— Information shown —
● ● ● ● ● ● ●

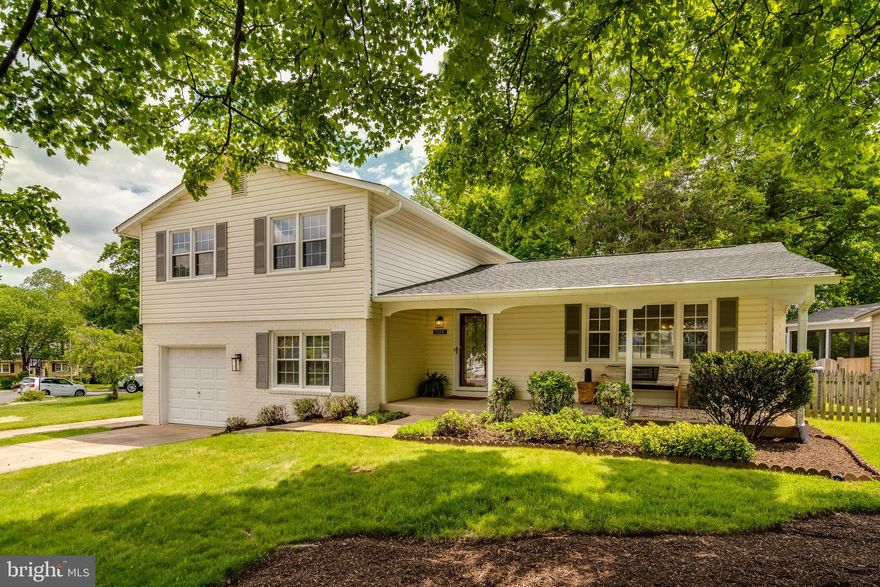 Welcome to this lovely 4-bedroom, 3 full bath, split-level Regent model situated on a large corner lot on a cul-de-sac in Kings Park West.  As soon as you walk in the door, you feel at home with an inviting living room that flows into the kitchen and dining room. The kitchen has been renovated to include 42" cabinets, granite countertops, and stainless steel appliances.  Gorgeous wood floors cover the main and upper levels, including the bedrooms.  The lower level features durable and stylish luxury vinyl plank in the family room and the 4th bedroom.  The basement provides a great space for another gathering space, home office, or gym.  The bathrooms (3 full!) have all been updated with modern touches. Enjoy the peaceful back yard on the large deck or sit back and relax on the front porch.  Either way, you'll enjoy all this home has to offer!  Kings Park West is a hidden  gem in Fairfax. Royal Lake, trails, tennis courts, playgrounds, baseball fields, soccer (with its own youth soccer league) fields, and 3 community pools (ready to join now with no waiting lists!) . Commuting is easy and convenient with metro express bus stops in the neighborhood and a 5 minute drive to the VRE.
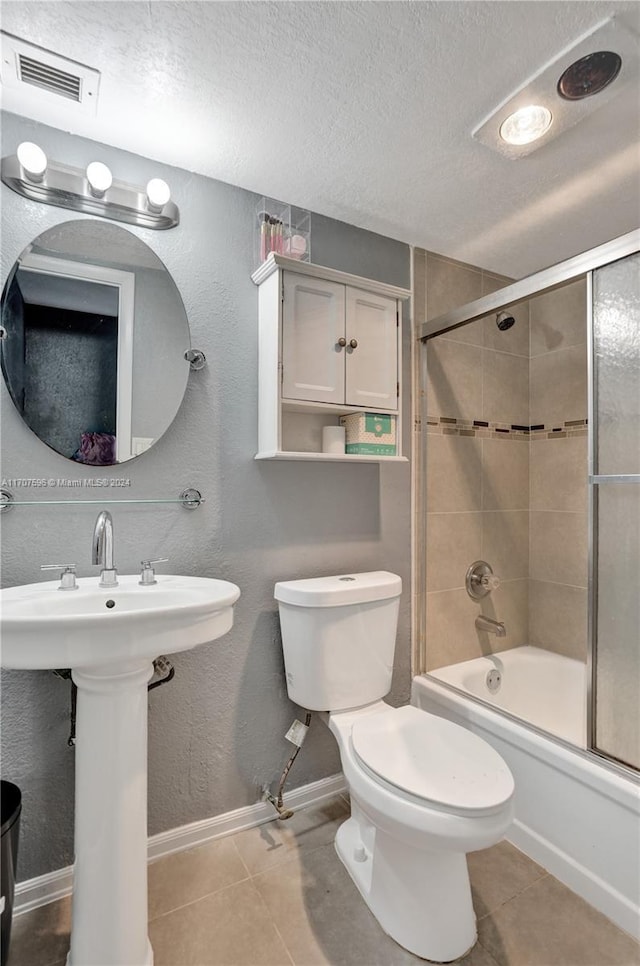 full bathroom featuring tile patterned floors, sink, bath / shower combo with glass door, toilet, and a textured ceiling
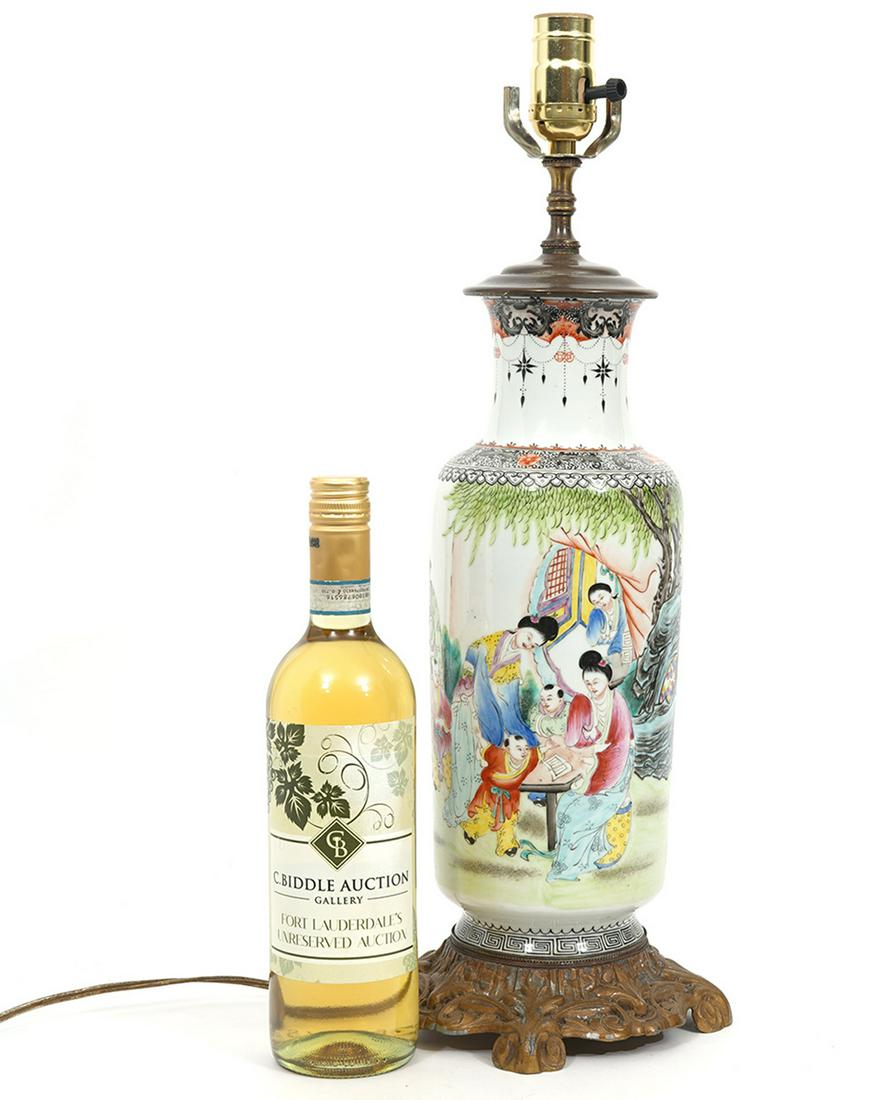 Chinese Hand-Painted Porcelain Vase Lamp: Chinese porcelain vase converted to lamp. Features painted motif of women and children in courtyard with repeating black pattern on top, oval and square red character mark on side. Measurements: Vase 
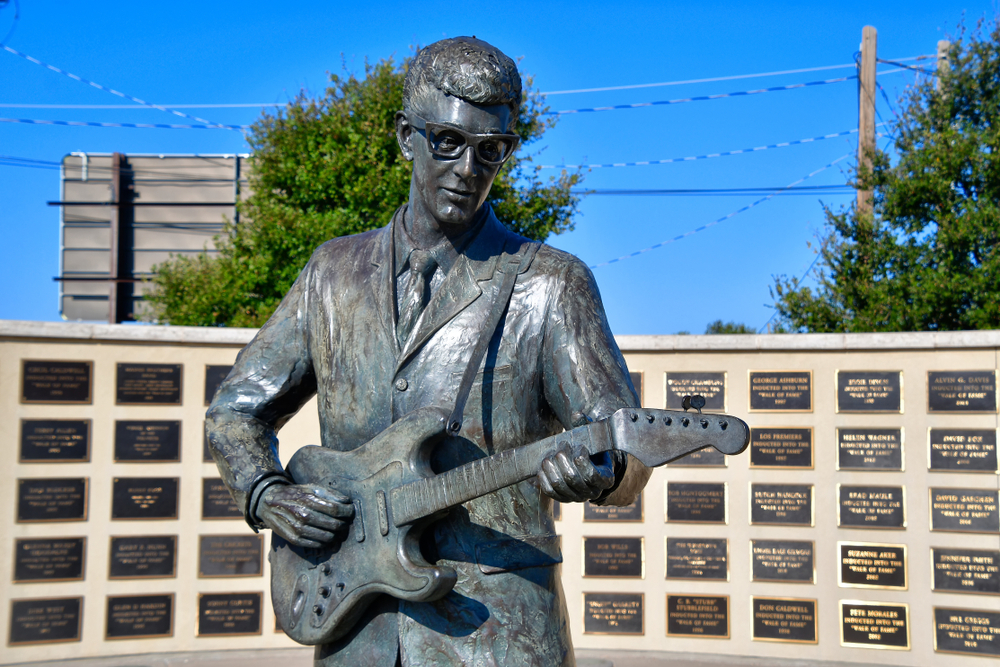 a statue of Buddy Holly in the down to Lubbock Texas. he is yound and playing the guitar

● ● ● ● ● ● ●

— To do —
Output only the lines from the line that contains "Chinese Hand-Painted Porcelain" through the end of the material, both ends included, and skip every picture.

— Task result —
 Chinese Hand-Painted Porcelain Vase Lamp: Chinese porcelain vase converted to lamp. Features painted motif of women and children in courtyard with repeating black pattern on top, oval and square red character mark on side. Measurements: Vase 
 a statue of Buddy Holly in the down to Lubbock Texas. he is yound and playing the guitar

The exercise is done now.